The Pteroidea clade (Solanum section Pteroidea Dunal) is a monophyletic group (Tepe et al. 2016; Gagnon et al. 2022) comprising ten erect herbaceous or climbing species, with simple or compound (deeply pinnatifid without interstitial leaflets) leaves and with axillary scorpioid inflorescences, many of the species have rugose conical fruits (Knapp and Helgason 1997). The axillary inflorescences found in all species of the group are unique in Solanum and are the distinguishing apomorphy of the clade (Hilgenhof et al. 2023). Species of the group are found from Mexico to Bolivia, with a centre of diversity in the eastern Amazonian premontane or montane forests in Peru and Ecuador (Knapp and Helgason 1997). Recent DNA studies support the monophyly of group and its relationship with Solanum section Herpystichum Bitter, both considered within the larger clade informally known as the “Potato clade”, which also includes the wild relatives of the potato, tomato and pepino (Bohs 2005; Tepe and Bohs 2010; Tepe et al. 2016).
In the most recent taxonomic review of the group (Knapp and Helgason 1997), the ten known species were divided into two informal groups: 1) the “Solanum ternatum group”, with S. incurvum Ruiz & Pav. and S. ternatum Ruiz & Pav., characterized by larger fleshy corollas up to 2 cm in diameter at anthesis with triangular lobes and globose and smooth fruits with numerous flat and reniform seeds; and 2) the “Solanum mite group”, with S. anceps Ruiz & Pav., S. angustialatum Bitter, S. chamaepolybotryon Bitter, S. conicum Ruiz & Pav., S. mite Ruiz & Pav., S. savanillense Bitter, S. trizygum Bitter, and S. uleanum Bitter, all characterized by having small membranous corollas less than 1 cm in diameter at anthesis with strongly very reflexed lobes, rugose conical fruits (except for S. mite that possesses globose fruits), and with few ovoid reniform seeds. Of these species only S. anceps, S. angustialatum, and S. incurvum have simple leaves, the rest all have imparipinnate pinnatifid leaves with three to more leaflets (Knapp and Helgason 1997).

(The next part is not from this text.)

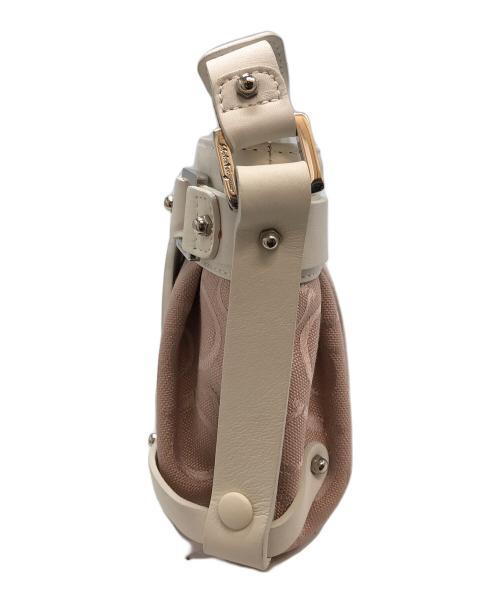 Salvatore Ferragamo（サルヴァトーレ フェラガモ）Salvatore Ferragamo (サルヴァトーレ フェラガモ) ガンチーニショルダーバッグ ホワイト×ピンクの古着・服飾アイテム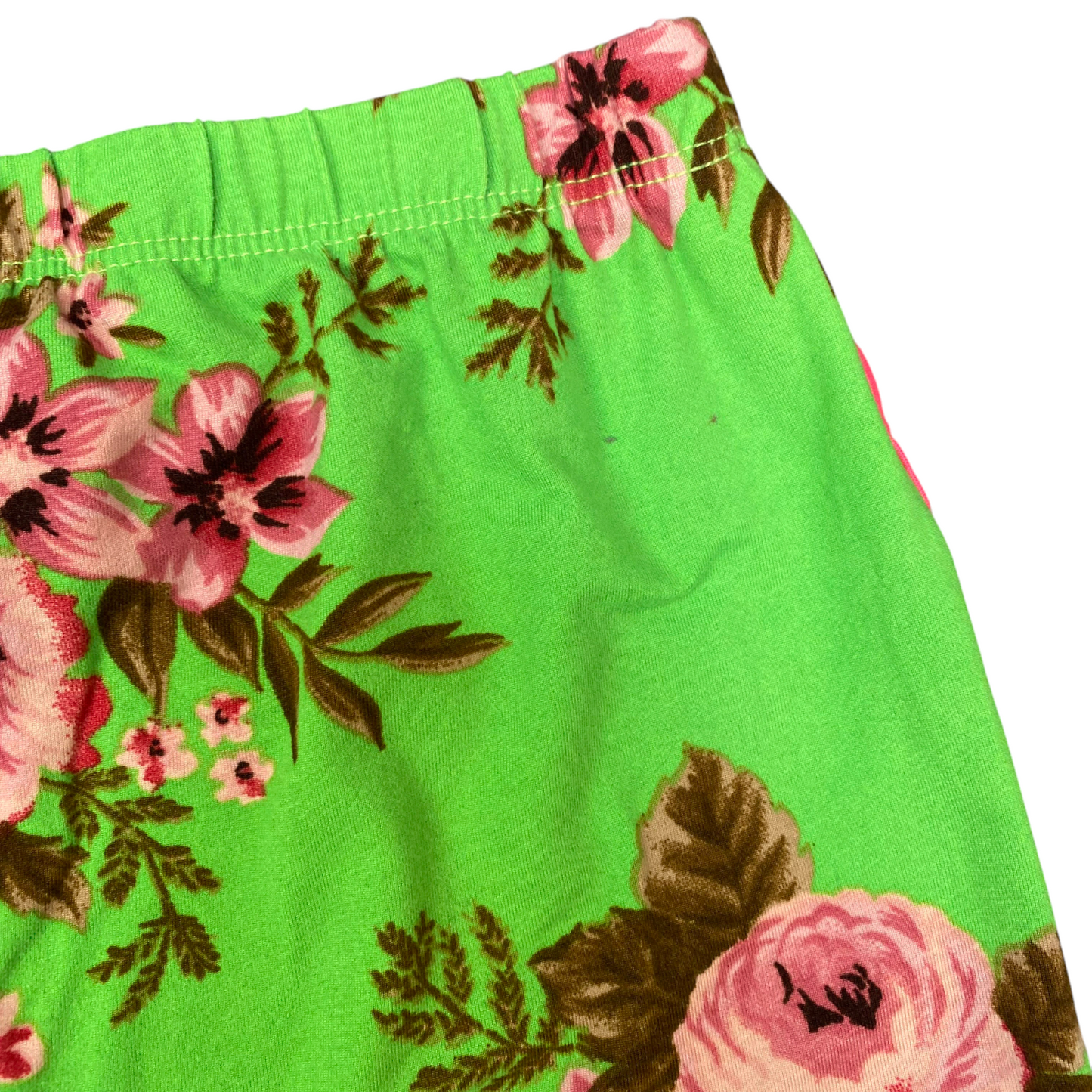 Sprinter Shorts Womens M Green Floral Running Training Drawstring Outdoor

Solanum anceps is one of the species with the widest distribution inhabiting the Amazonian region and montane forests of Peru and Bolivia up to 2,000 m in elevation. Solanum angustialatum is only known from premontane forests in the Department of San Martín in Peru. Solanum incurvum grows in cloud forests close to 3,000 m in elevation and is poorly collected; it is known just from a few localities in southern Ecuador and central Peru (Knapp and Helgason 1997).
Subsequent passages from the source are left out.